Las parejitas de atrás estaban dale que dale con los arrumacos. Algunas madres
seguían luchando con sus críos mientras le pedían ayuda a sus maridos.
“No vayas, no seas boludo, te va a cagar otra vez” había
dicho mi hermano mayor cuando le conté lo ocurrido. “No le creas esa historia
del héroe, si algo de grande es el viejo es que es un gran hijo de puta”. Sabía
que tenía razón pero a esta altura de mi vida necesitaba de ese encuentro, quería
saldar las cuentas pendientes, terminar de una vez y para siempre con esa
historia in-conclusa y perdonarlo como me lo había pedido mi madre.

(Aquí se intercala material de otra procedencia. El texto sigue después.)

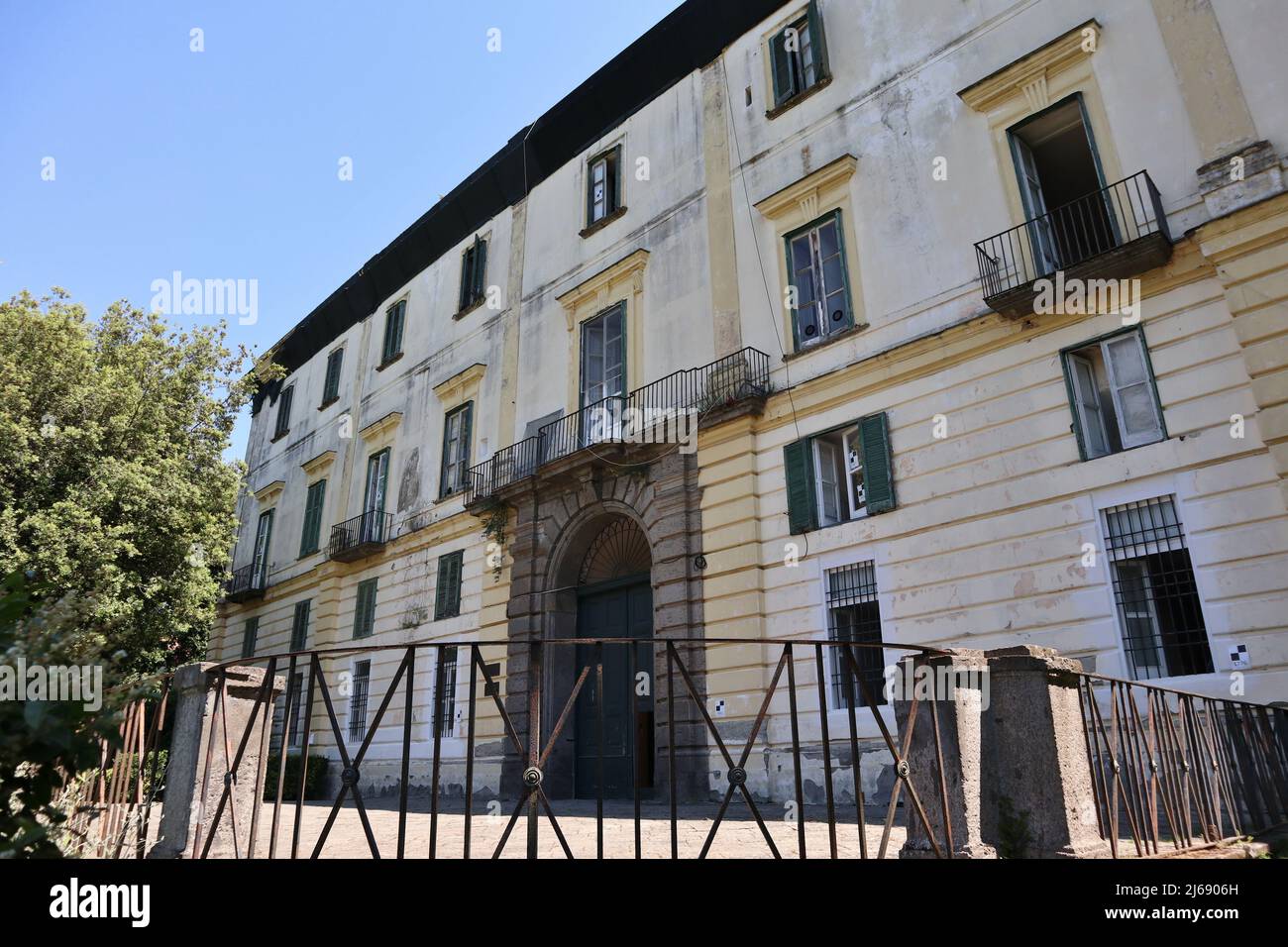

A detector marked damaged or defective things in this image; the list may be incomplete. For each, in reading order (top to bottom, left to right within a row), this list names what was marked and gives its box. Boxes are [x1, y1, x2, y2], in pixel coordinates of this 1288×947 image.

rusty iron gate [190, 642, 951, 864]
rusty iron gate [1070, 674, 1284, 860]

El tren se fue deteniendo en el medio de la ciudad de
Olavarría y me baje para estirar las piernas, fui al baño de la estación,
compre cigarrillos y un paquete de galletitas Tita. Pensé en mis hijos, una
viviendo en París, el otro enseñando antropología en la universidad de México y
el más grande con su mujer y las nenas, acompañando a su madre en un lugar la
costa. El viaje hacia la última navidad con mi padre había comenzado.